A Philadelphia man named Alexander Tominsky has been eating rotisserie chicken for 40 days daily
Alexander Tominsky has been consuming one store-bought roast chicken regularly for the last six weeks. On the final day of the challenge, there was a huge crowd who joined to cheer him as Alexander finished his chicken.
Know Who Is Alexander Tominsky Of Philadelphia Who Ate Whole Rotisserie Chicken For 40 Straight Days
40 consecutive days eating an entire rotisserie chicken #chicken pic.twitter.com/a4AoNWDLTa
— smooth recess (@AlexiconTom) November 6, 2022
On the last day of his challenge of eating chicken, this man was crowded with hundreds of fans who had come to see Alexander Tominsky popularly known as the ‘chicken man’ during an extravaganza which is organized on Sunday 6th of November 2022.
Meet Alexander Tominsky
Tominsky who is a 31 years old man is a waiter at the local steakhouse Barclay Prime. He had begun the bizarre food challenge on the 28th of September. He was sharing daily updates with his social media fans who were intrigued by his eating habits and challenge.

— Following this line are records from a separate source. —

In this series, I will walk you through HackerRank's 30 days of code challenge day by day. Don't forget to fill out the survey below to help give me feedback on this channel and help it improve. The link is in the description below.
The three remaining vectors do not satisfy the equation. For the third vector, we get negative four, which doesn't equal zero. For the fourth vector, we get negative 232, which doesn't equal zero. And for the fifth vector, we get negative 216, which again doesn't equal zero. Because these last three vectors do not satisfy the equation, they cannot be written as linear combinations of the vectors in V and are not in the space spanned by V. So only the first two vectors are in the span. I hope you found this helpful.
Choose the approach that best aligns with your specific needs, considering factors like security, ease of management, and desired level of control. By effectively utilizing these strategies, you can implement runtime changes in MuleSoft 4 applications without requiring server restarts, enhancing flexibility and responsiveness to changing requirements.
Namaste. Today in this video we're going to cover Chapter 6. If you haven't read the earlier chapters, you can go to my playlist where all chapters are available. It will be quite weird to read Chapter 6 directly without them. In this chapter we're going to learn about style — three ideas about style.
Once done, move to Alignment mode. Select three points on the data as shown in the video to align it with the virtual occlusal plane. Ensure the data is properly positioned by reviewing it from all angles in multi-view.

On the final day of his challenge, Philadelphia folks joined to cheer him when he completed his chicken at an abandoned pier beside the Delaware River.

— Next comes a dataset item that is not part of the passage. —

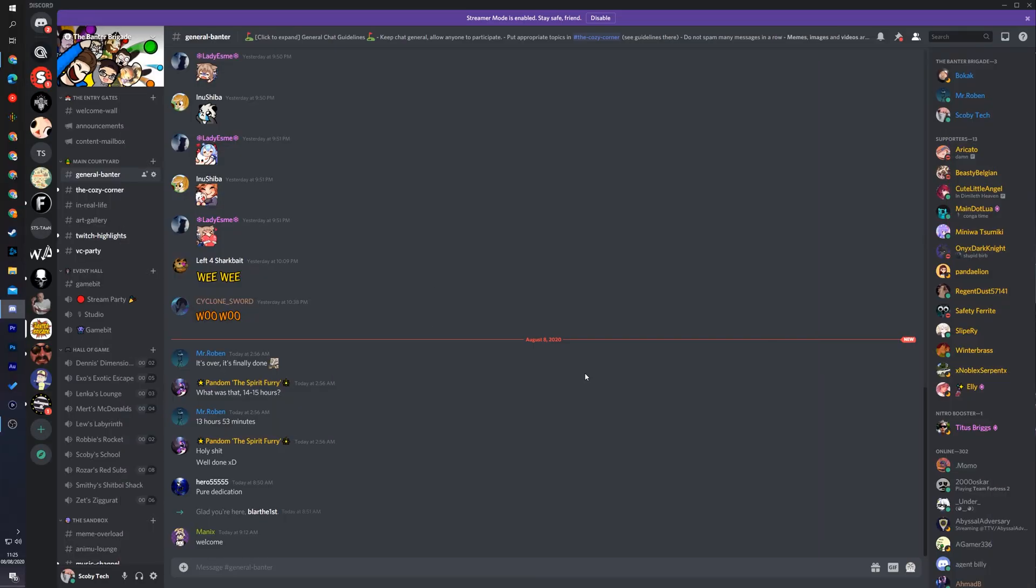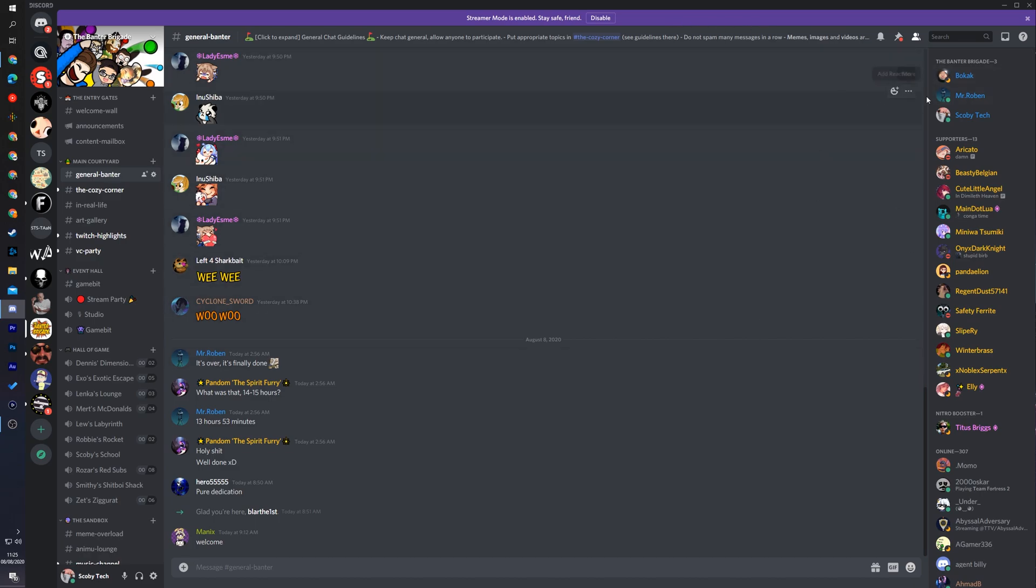This is going to be an updated video for 2020 as it's changed a little bit recently. All you need to do is open up Discord and you can be in any server or on the home page if you would like. It doesn't matter, all we need is this top section here.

Alexander Tominsky has been eating one store-bought roast chicken daily for the last month. Over weeks people could also see him growing tired of this challenge and was literally regretting his decision but he does not give up and continuously tried very hard to fulfill his promise. Alexander Tominsky declared to his fans that the food event was not a party and will be held at sharp 12 pm. All the Footage from the event shows Alexander Tominsky eating the crowning chicken without any seasoning or sides but few seltzers to wash it down.
The challenge lasted for 40 and after that Alexander happily showed off the last morsel to the massive crowd who continued to cheer him and call him “Chicken man.”
The venue Alexander Tominsky was referring to was one particular jetty along the Delaware River in South Philadelphia near one of the superstores situated at Christopher Columbus Blvd. When it was asked why the assertion this “is not a party,” modest Tominsky responded, “I’m not trying to make this- it’s just me eating chicken, really.”